Kucinich was the first electoral victim of the current round of redistricting, which saw congressional districts redrawn in states across the country after the 2010 Census. A Republican governor and legislature carved up northern Ohio districts with an eye toward eliminating at least one Democratic seat, and they achieved their goal by forcing Kucinich and Kaptur into the same district.
That district favored Kaptur and, after a hard-fought race she prevailed by a fifty-six to thirty-nine margin, with the remainder going to a third candidate.
Though the race in Ohio’s 9th District received scant attention compared with the Republican presidential contest in the state, the result will have national consequences.
A Congress without Dennis Kucinich will be a lesser branch. It’s not just that the loss of the former leader of the Congressional Progressive Caucus will rob the House of its most consistent critic of wars in Iraq, Afghanistan and Libya, and one its steadiest critics of corporate power.
Since he arrived on the Hill in 1997, Kucinich has been one of a handful of absolutely engaged members. When issues have arisen, be it domestic or international, low profile or high, Kucinich has been at the ready—often with the first statement, the strongest demand and the boldest plan.

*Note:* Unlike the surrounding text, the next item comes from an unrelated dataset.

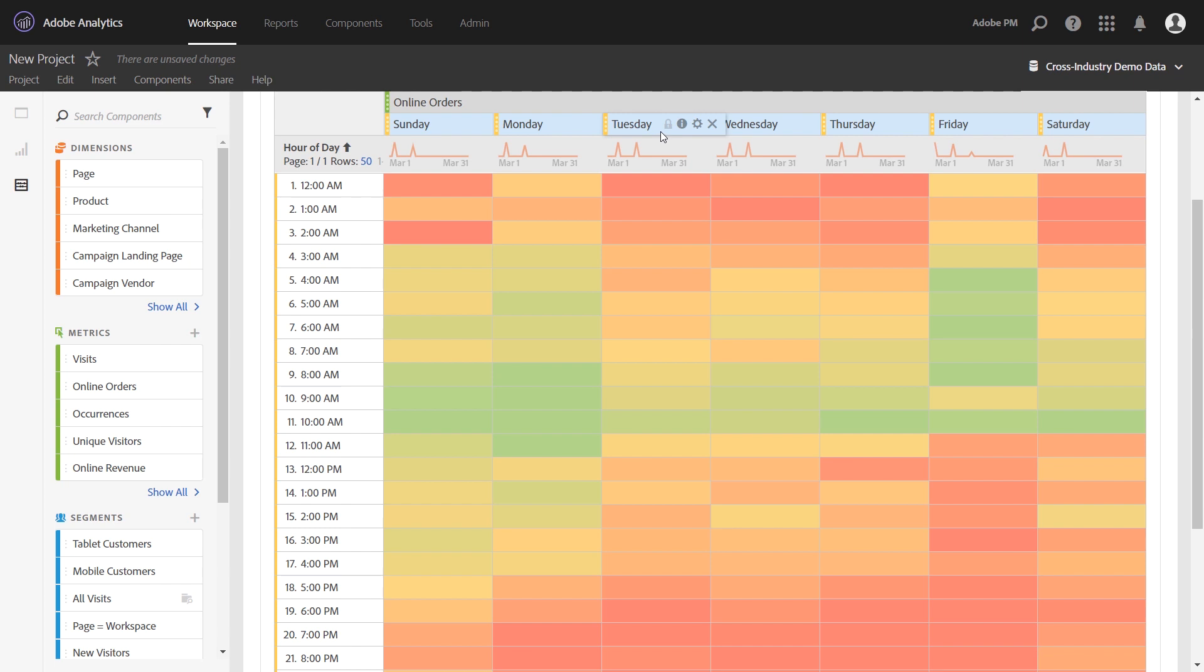So rather than look at the visits to the site, we can look at orders by day and hour of day instead.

A master of parliamentary procedure, and a Constitutional purist, Kucinich has given Democratic and Republican congressional leaders their share of headaches. And he has been more than willing to break with Democratic and Republican presidents on matters of principle. But even as he frustrated the most powerful players in Washington, Kucinich won an enthusiastic base of supporters who backed him for the Democratic presidential nominations in 2004 and 2008.
Though he never got near the nomination in either year, Kucinich earned high marks for forcing the other contenders to address fundamental issues of war and peace, civil liberties and trade policy. At the same time, he remained sufficiently in touch with his blue-collar Cleveland-area district—turf that had previously elected a Republican—to keep his seat in the face of primary and general election challenges from candidate backed by the political and media elites that had been after Kucinich since his days as the uncompromising “boy mayor” of Cleveland.